(DATA FOR ANALYSIS Opens)

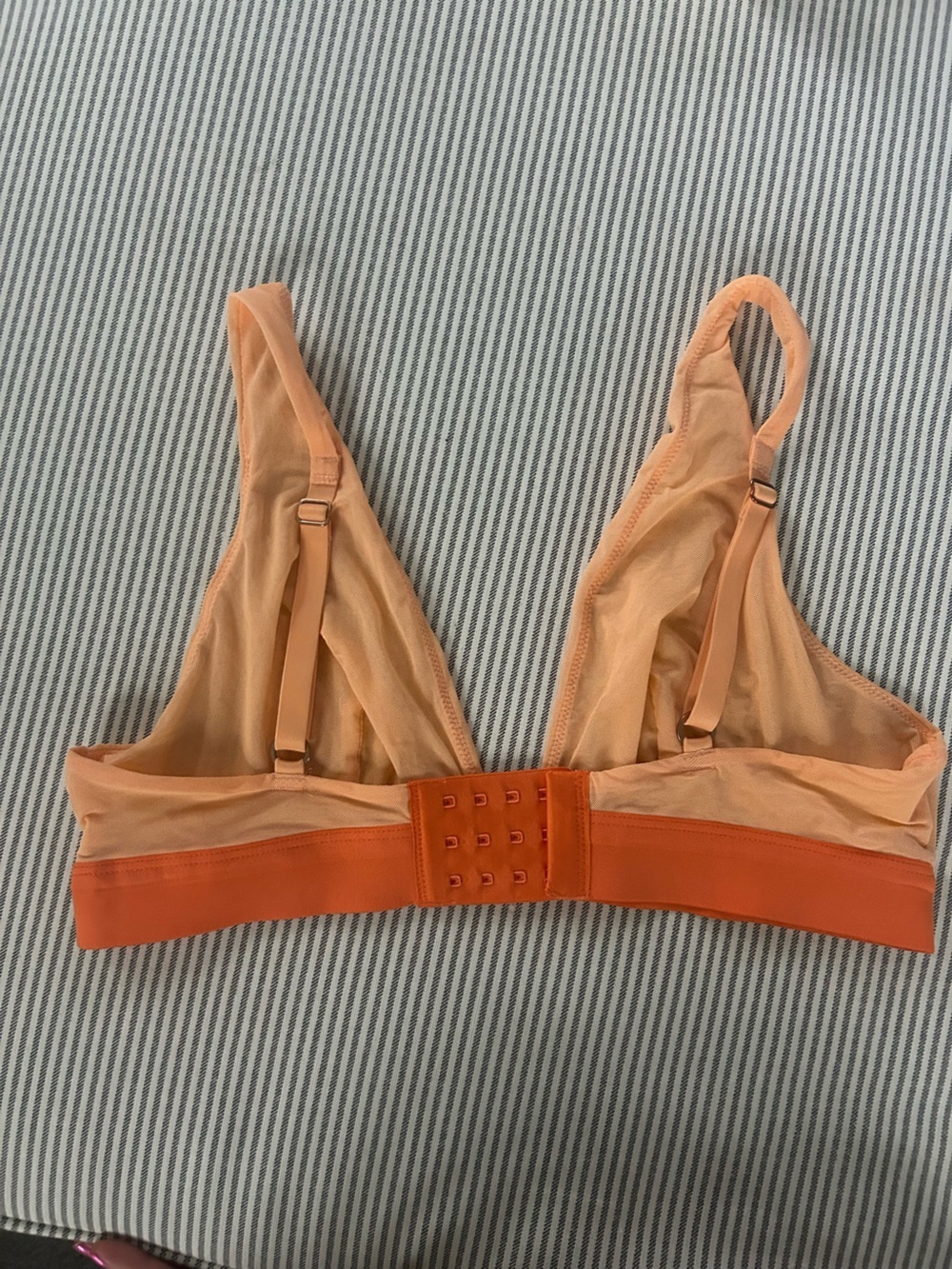 Aerie smoothez mesh plunge bralette size M orange - Picture 5 of 7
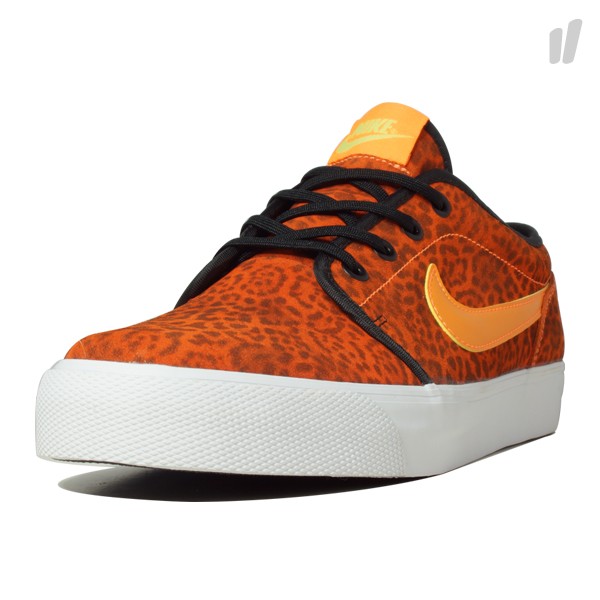 nike-fb-leopard-pack-quickstrike-17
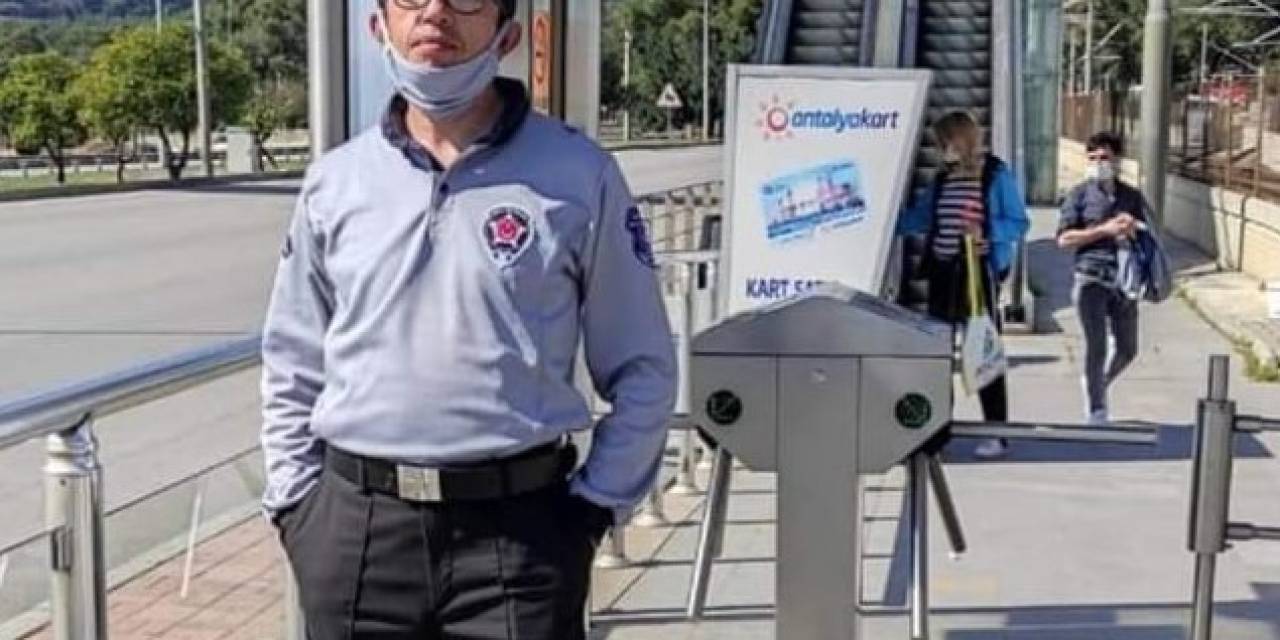 Eski Sevgililerin Kavgasını Ayırmak İsterken Canından Oldu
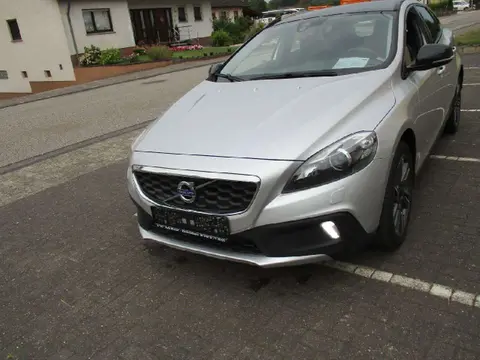 Annonce VOLVO V40 Diesel 2015 d'occasion 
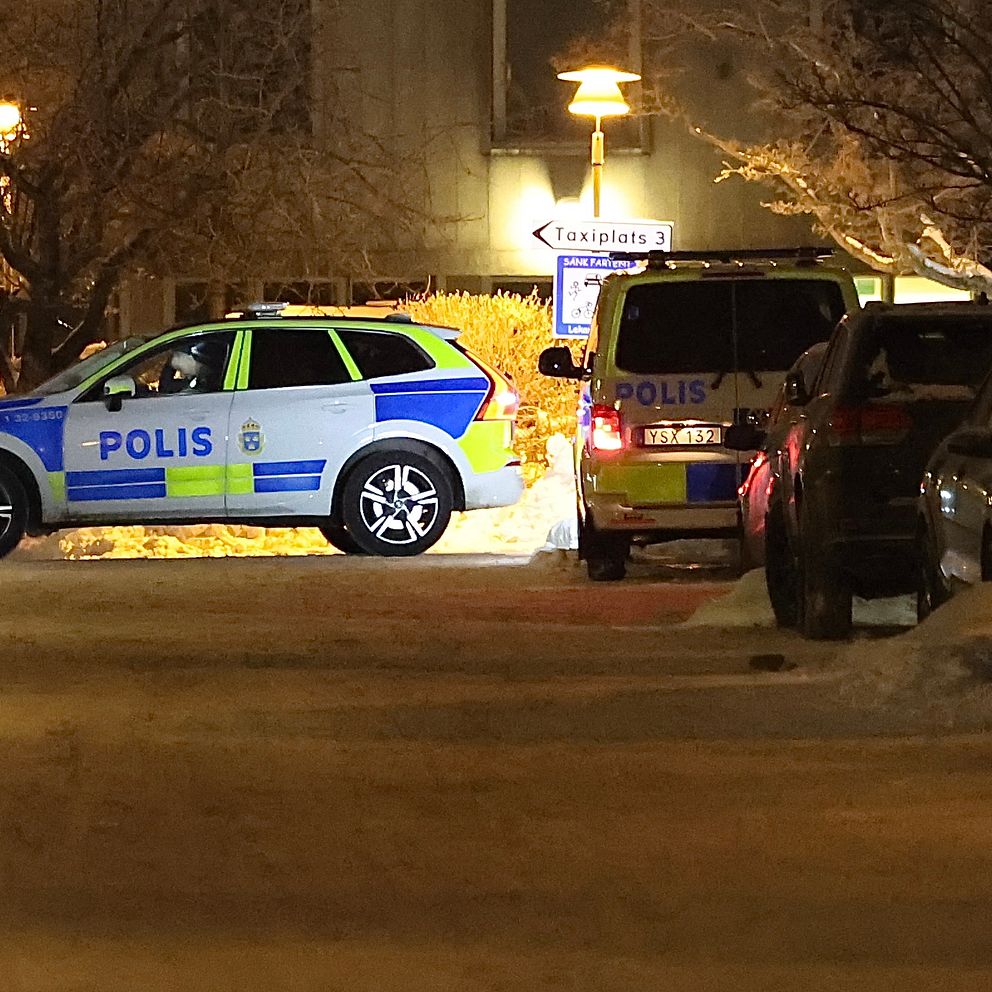 Polis på plats i Årsta efter mord på 55-årig kvinna.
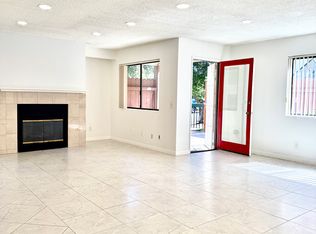 330 Burchett St UNIT 101, Glendale, CA 91203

(DATA FOR ANALYSIS Closes)

■ YOUR GOAL
Every line from the one that holds "Polis på plats" to the end of the listing should be output exactly, with pictures left out, please.

■ SOLUTION FOR THIS PROBLEM
 Polis på plats i Årsta efter mord på 55-årig kvinna.
 330 Burchett St UNIT 101, Glendale, CA 91203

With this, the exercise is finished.